Life has a million different ways to kick you right in the chops.  We lose love, lose jobs, lose our sense of self.  For Nora McInerny, it was losing her husband, her father, and her unborn second child in one catastrophic year.

But in the wake of loss, we get to assemble something new from whatever is left behind.  Some circles call finding happiness after loss “Chapter 2” — the continuation of something else.  Today, Nora is remarried and mothers four children aged 16 months to 16 years.  While her new circumstances bring her extraordinary joy, they are also tinged with sadness over the loved ones she’s lost.

Life has made Nora a reluctant expert in hard conversations.  On her wildly popular podcast, she talks about painful experiences we inevitably face, and exposes the absurdity of the question “how are you?” that people often ask when we’re coping with the aftermath of emotional catastrophe.  She knows intimately that when your life falls apart, there’s a mad rush to be okay — to find a silver lining, to get to the happy ending.  In this, her second memoir, Nora offers a tragicomic exploration of the tension between finding happiness and holding space for the unhappy experiences that have shaped us.

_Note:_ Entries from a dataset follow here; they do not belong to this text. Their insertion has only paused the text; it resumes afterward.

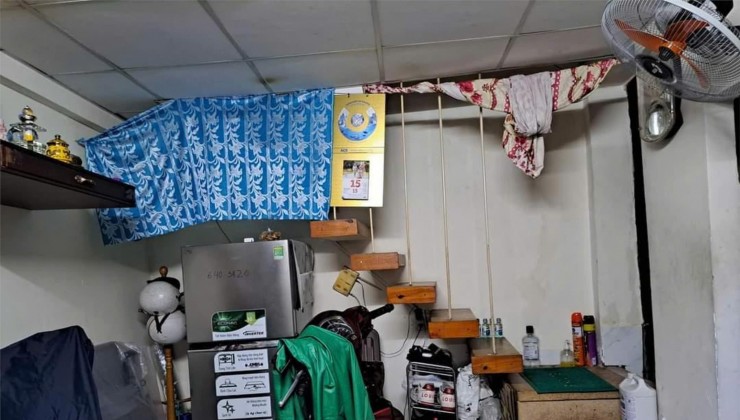 CHỈ HƠN 2 TỶ CÓ ĐƯỢC HỘ KHẨU SÀI GÒN - NHÀ ĐẸP BTCT - VÀO Ở NGAY - HOÀN CÔNG ĐỦ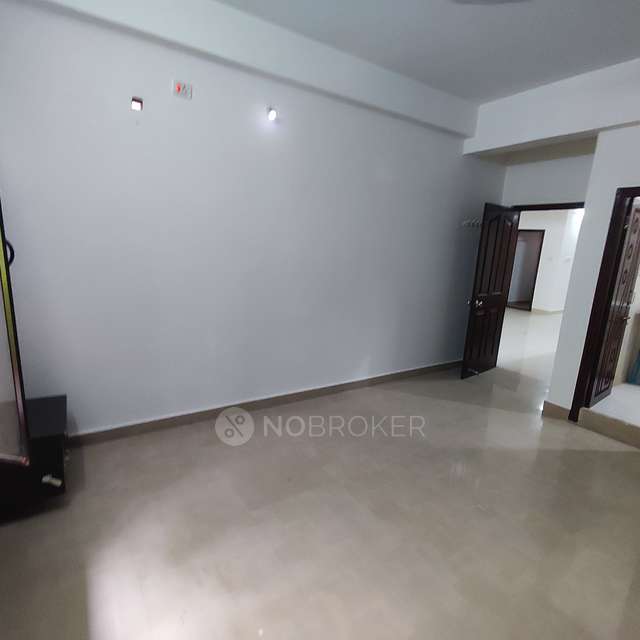 3 BHK Flat In Ravis Kuteer For Sale  In Manikonda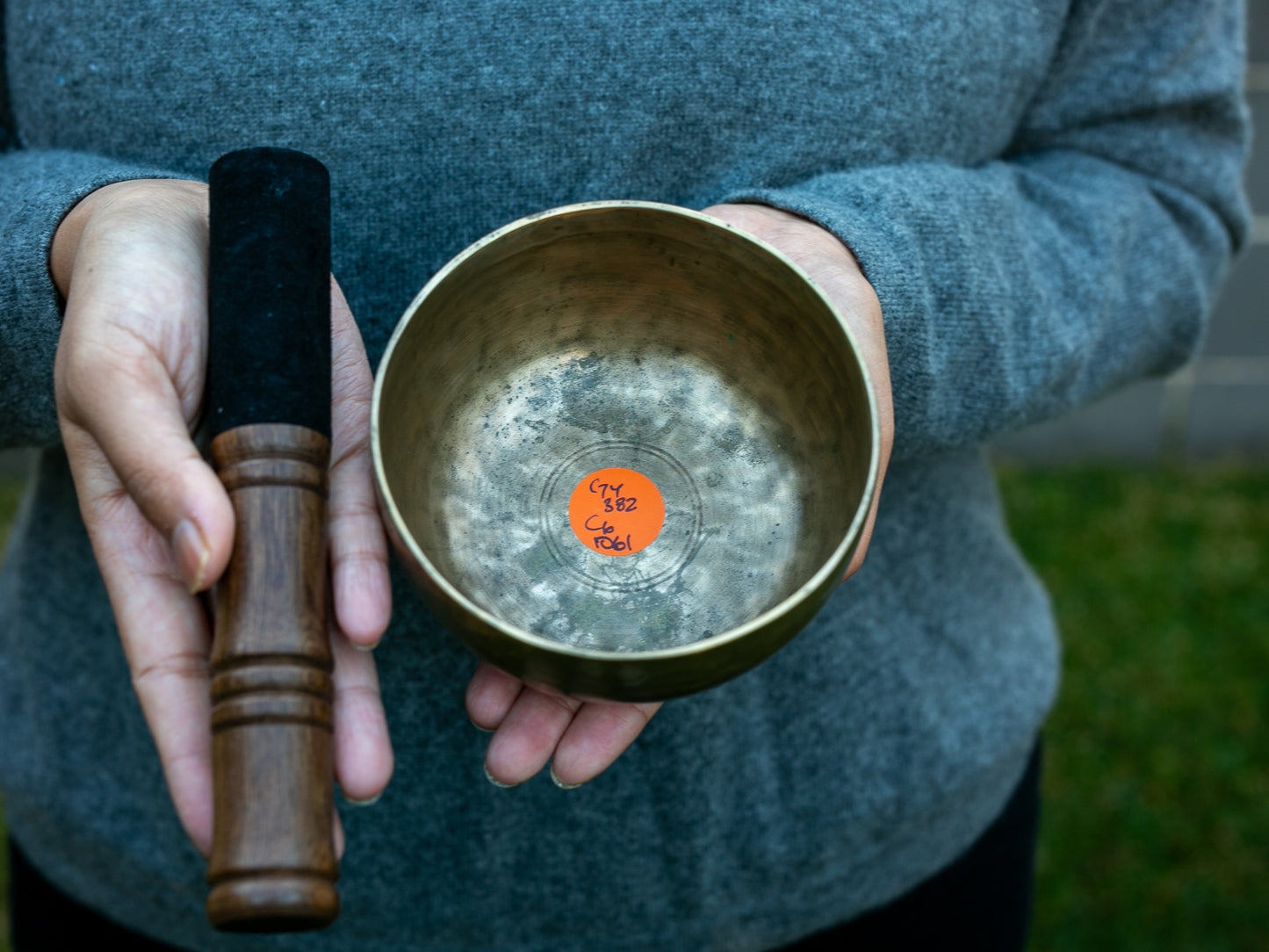 Small Old 'Tara' Singing Bowl - Base Note G4 (382 Hz)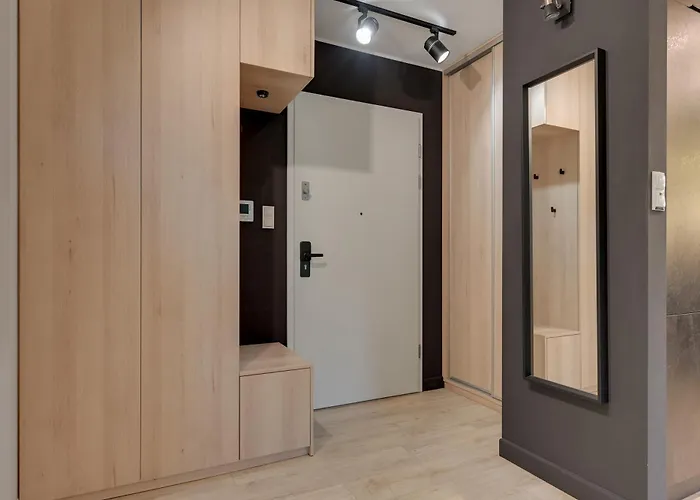 Forest Rivus With Parking By Lion شقة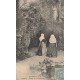 60 CLERMONT. Hospice Grotte de l'Immaculée avec femmes en prière 1907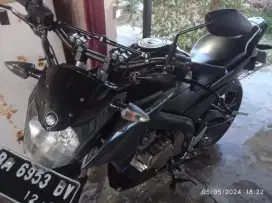dijual motor vixion 2015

No Happy Endings is a book for people living life after life has fallen apart.  It’s a book for people who know that they’re moving forward, not moving on.  It’s a book for people who know life isn’t always happy, but it isn’t the end:  there will be unimaginable joy and incomprehensible tragedy.  As Nora reminds us, there will be no happy endings — but there will be new beginnings.


I decided this was the next book I wanted to read when I noticed the title of Chapter 3 was Don't 'Should' Yourself.  I figured I could find an image of that, and I did.  Right beside it was the definition, not from the book itself, but from somebody "out there" on the internet somewhere.  I found them side by side:


Oh, you want me to share the book's beginning lines?  Okay, here are the first sentences from the Introduction and the first sentences from Chapter 1.  Chapter 3 and Don't 'Should' Yourself will have to wait until I get that far into the book.

Introduction

The question came from the back of the room and hung in the air long after it had been asked.  The tone was hopeful and anticipatory, as if the asker thought she was opening a gift for the entire audience.

"Are you . . . pregnant?"

Chapter 1

So you think you're ready to have a breakdown, do ya?  Well, take it from a woman who has spent more than one afternoon sobbing in her minivan in the Costco parking lot:  you're probably closer than you think you are.  And if not, getting there won't be as hard as you think.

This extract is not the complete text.